Fooxy-Tech has developed an innovative solution with the potential to address this issue. Our hypothesis is that a dynamic, non-fixed approach supplemental oxygen administration can significantly enhance patients’ quality of life. To be effective, we believe this solution must be based on the patient’s real-time oxygen needs, irrespective of location. Furthermore, we advocate for a proactive approach, rather than a reactive one: the solution should estimate and anticipate patient’s oxygen requirements for the near future.
This innovative concept of personalized medicine for CRD patients is the core business of Fooxy-Tech, representing the world’s first initiative in this field, supported by EU patent (EP20382872.8 PCT/EP2021/075075) and US patent (USA 17916521).
Currently, Fooxy-Tech is in the process of developing and conducting preliminary testing, within clinical settings, for an AI-assisted solution for dynamic ambulatory oxygen administration based on this concept.
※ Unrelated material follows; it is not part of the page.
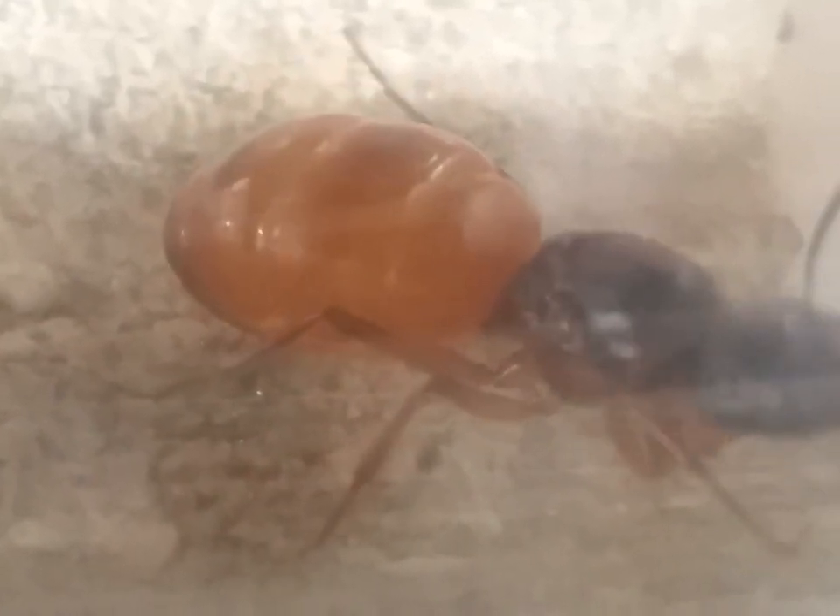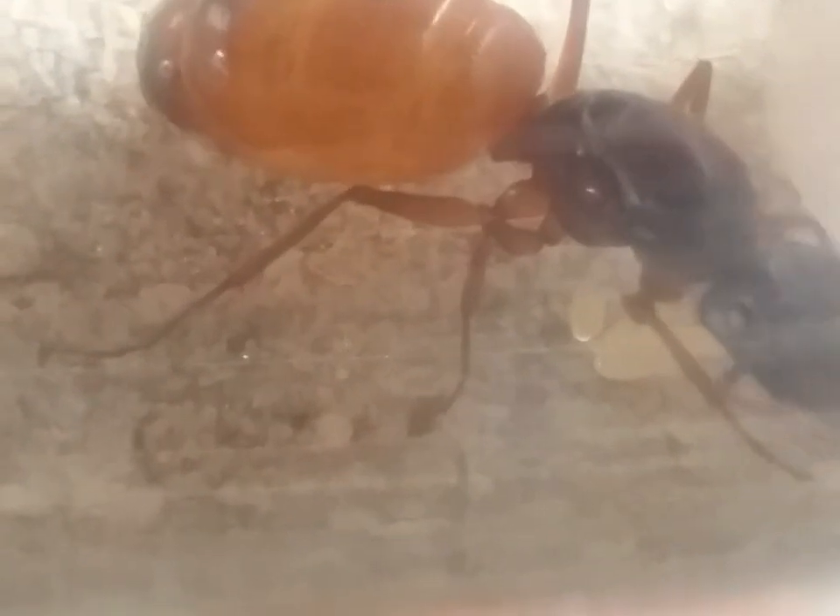Of course, you're blocking the view. I'm trying to get a picture of your eggs. There you go. My Camponotus — she finally laid some eggs. One, two, three, four. Four or five eggs. And she is hovering over it. Those are her eggs. Yay, that means she's fertile.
This development accurately models a patient’s oxygen desaturation in response to exercise and employs intelligent algorithms (dynamically trained and selected), to determine the optimal oxygen supply needed by the patient. Thanks to its proactive nature, the system significantly reduces episodes of shortness of breath, which, in turn should notably improve patients’ quality of life and overall prognosis.